(SOURCE DATA Opens)

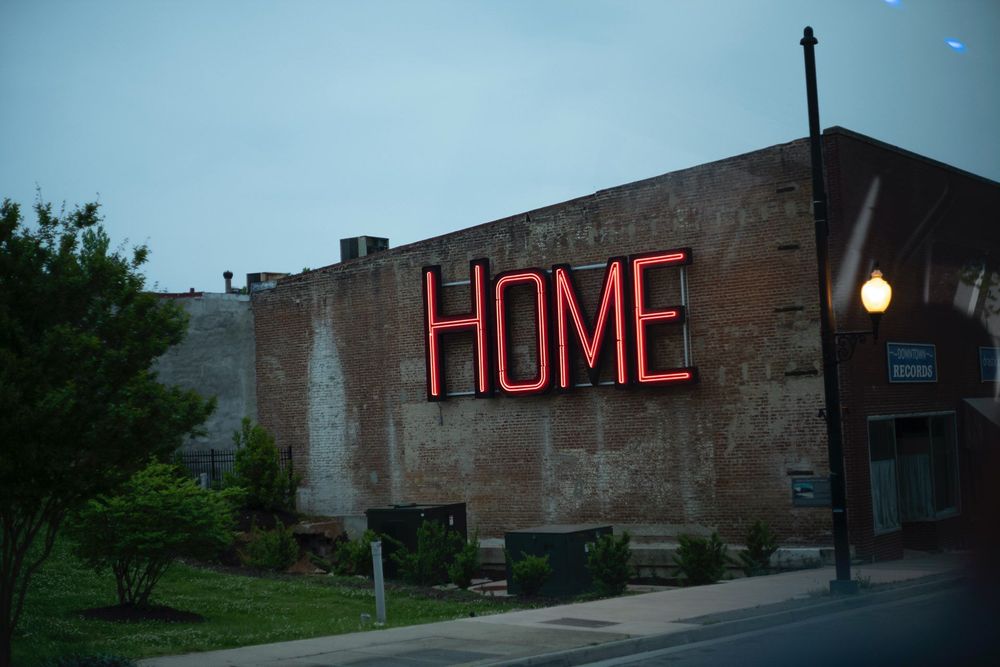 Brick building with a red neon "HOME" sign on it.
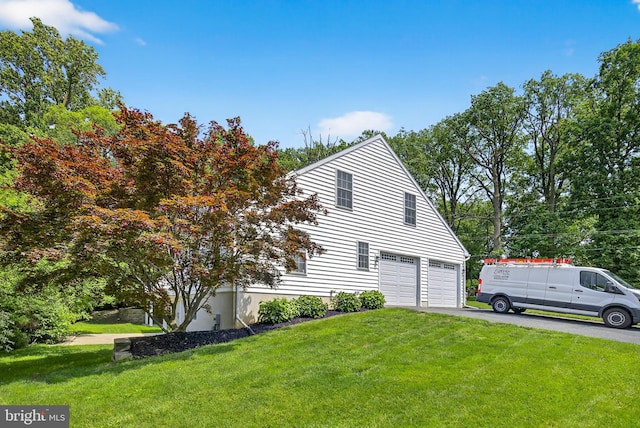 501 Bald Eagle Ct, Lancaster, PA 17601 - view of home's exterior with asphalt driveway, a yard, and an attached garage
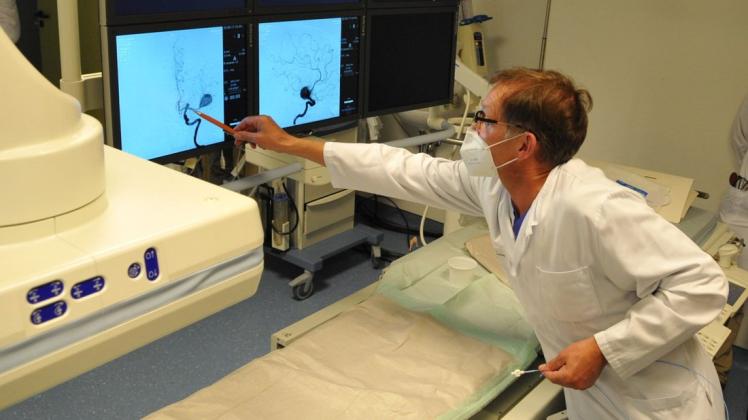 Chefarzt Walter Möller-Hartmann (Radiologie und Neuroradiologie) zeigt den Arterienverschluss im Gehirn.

(SOURCE DATA Closes)
(SOURCE DATA Opens)

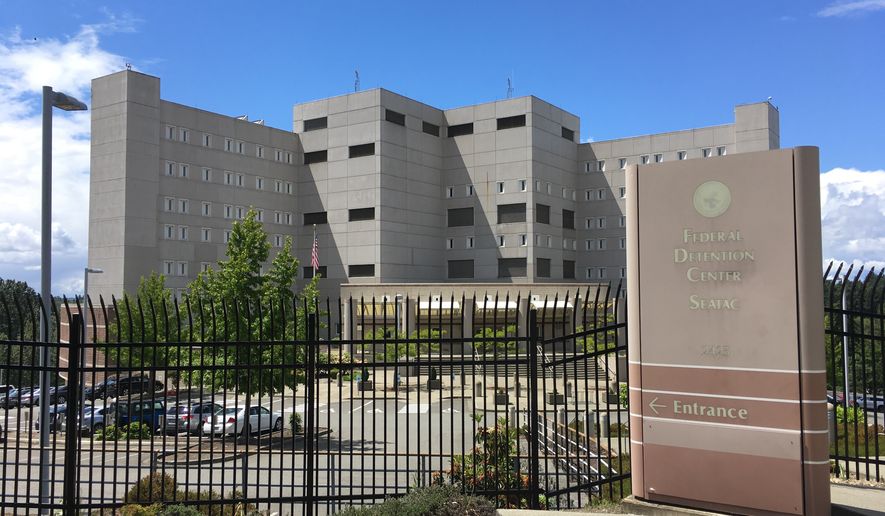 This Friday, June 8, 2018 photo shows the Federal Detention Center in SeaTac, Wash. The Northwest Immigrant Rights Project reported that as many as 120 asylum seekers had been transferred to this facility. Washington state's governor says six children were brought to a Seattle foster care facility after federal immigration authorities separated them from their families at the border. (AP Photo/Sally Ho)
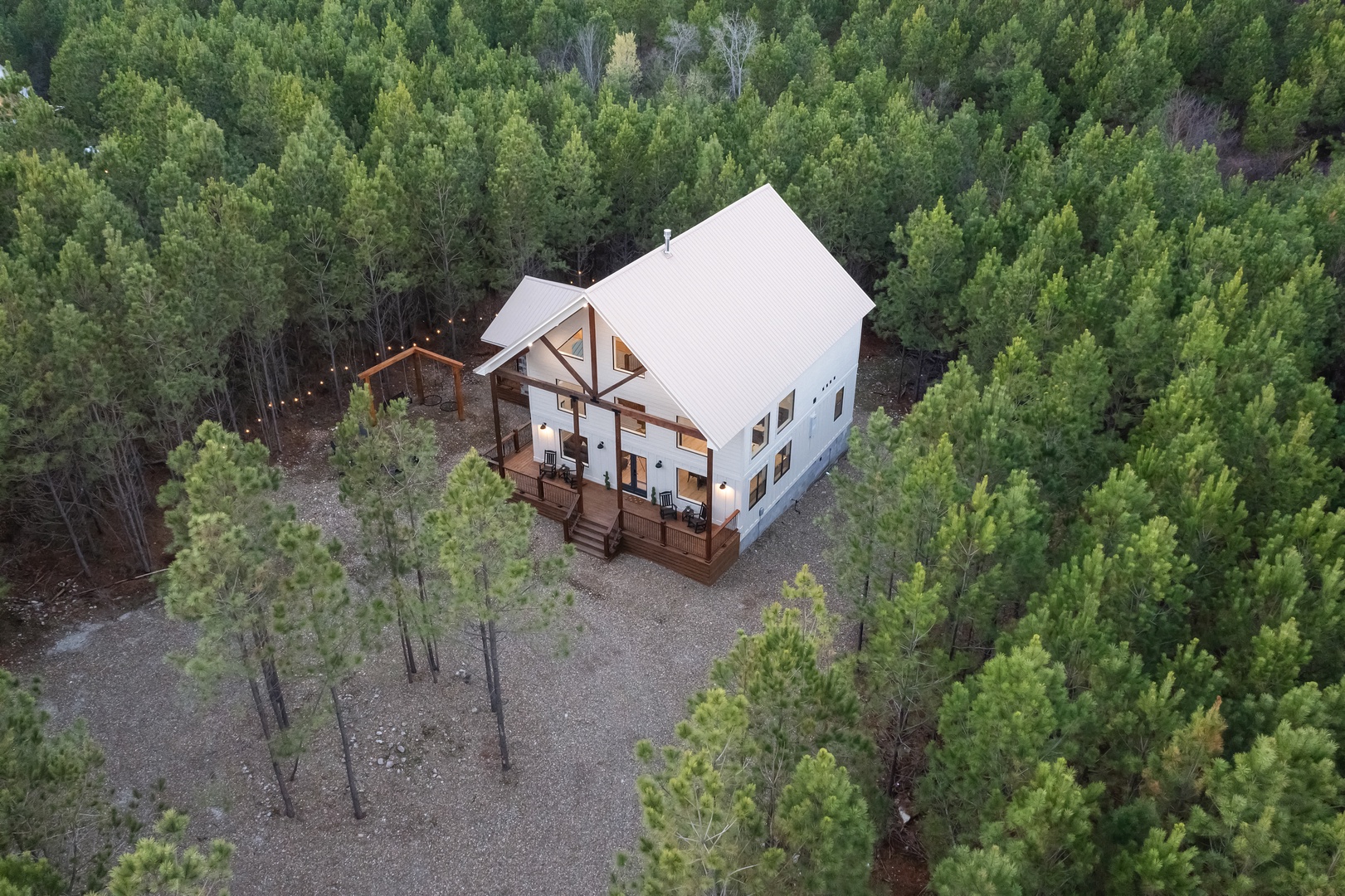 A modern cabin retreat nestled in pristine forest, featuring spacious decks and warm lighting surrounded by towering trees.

(SOURCE DATA Closes)

* [AIM OF THE EXERCISE]: Please set down, exactly and with no pictures, the lines in the entries above starting at the one holding "501 Bald Eagle" and ending at the one holding "Chefarzt Walter Möller-Hartmann", ends included.

* [ANSWER TO THIS PROBLEM]:
 501 Bald Eagle Ct, Lancaster, PA 17601 - view of home's exterior with asphalt driveway, a yard, and an attached garage
 Chefarzt Walter Möller-Hartmann (Radiologie und Neuroradiologie) zeigt den Arterienverschluss im Gehirn.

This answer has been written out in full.